Task
Using the material below, return exactly the lines between the one holding "每天都要穿瑜珈褲的單車女孩!這長腿也太完美了~" and the one holding "CASA EN VENTA", inclusive, and no others.

Data supplied
**********

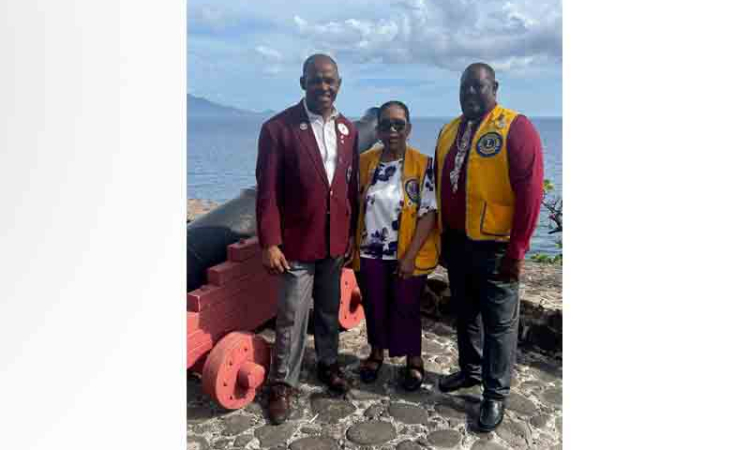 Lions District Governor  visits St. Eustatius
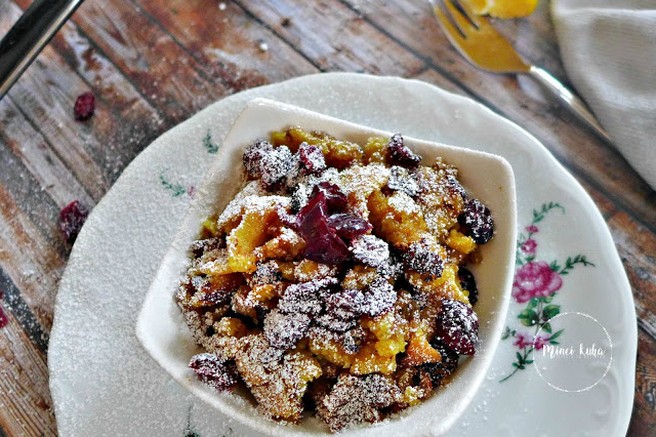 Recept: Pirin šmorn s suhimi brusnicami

**********

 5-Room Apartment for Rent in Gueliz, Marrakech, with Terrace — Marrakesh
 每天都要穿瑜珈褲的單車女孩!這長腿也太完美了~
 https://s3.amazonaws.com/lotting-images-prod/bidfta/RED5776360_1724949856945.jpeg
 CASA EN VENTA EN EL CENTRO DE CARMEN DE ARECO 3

**********

Written solution
 每天都要穿瑜珈褲的單車女孩!這長腿也太完美了~
 https://s3.amazonaws.com/lotting-images-prod/bidfta/RED5776360_1724949856945.jpeg
 CASA EN VENTA EN EL CENTRO DE CARMEN DE ARECO 3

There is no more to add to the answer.